● EXERCISE DATA
=-=-=-=-=

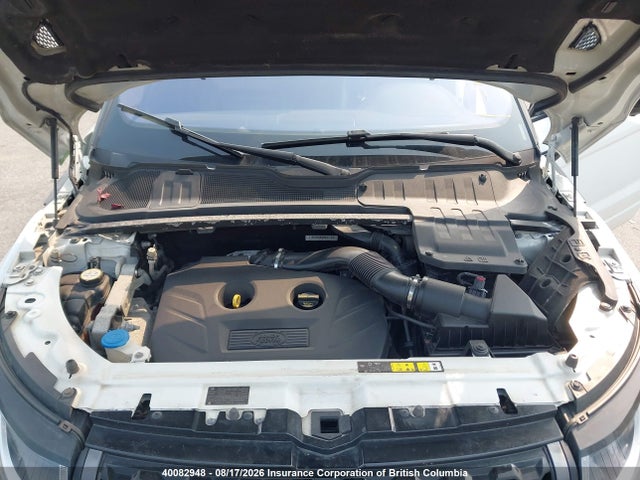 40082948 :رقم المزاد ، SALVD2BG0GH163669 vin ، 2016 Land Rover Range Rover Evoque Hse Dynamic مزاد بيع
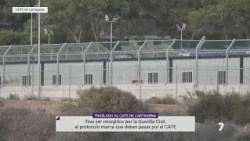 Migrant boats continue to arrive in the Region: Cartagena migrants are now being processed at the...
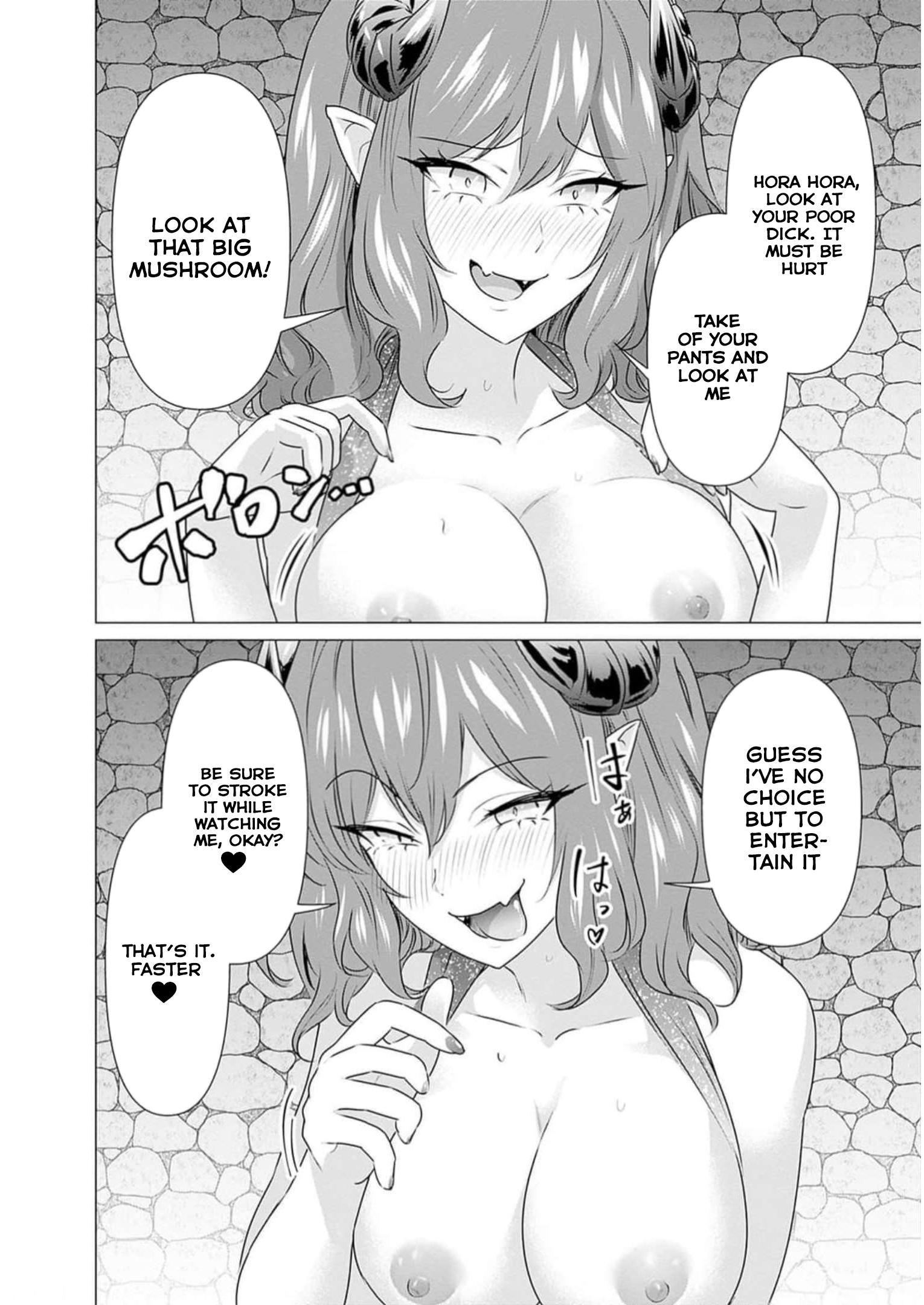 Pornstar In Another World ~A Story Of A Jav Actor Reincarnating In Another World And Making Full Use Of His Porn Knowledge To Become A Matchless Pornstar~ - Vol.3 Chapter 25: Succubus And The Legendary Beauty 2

=-=-=-=-=

● WHAT TO PRODUCE
Only the lines from the one with "Migrant boats continue" through the last line of the listing belong in your answer; copy them exactly and skip the pictures.

● EXERCISE ANSWER
 Migrant boats continue to arrive in the Region: Cartagena migrants are now being processed at the...
 Pornstar In Another World ~A Story Of A Jav Actor Reincarnating In Another World And Making Full Use Of His Porn Knowledge To Become A Matchless Pornstar~ - Vol.3 Chapter 25: Succubus And The Legendary Beauty 2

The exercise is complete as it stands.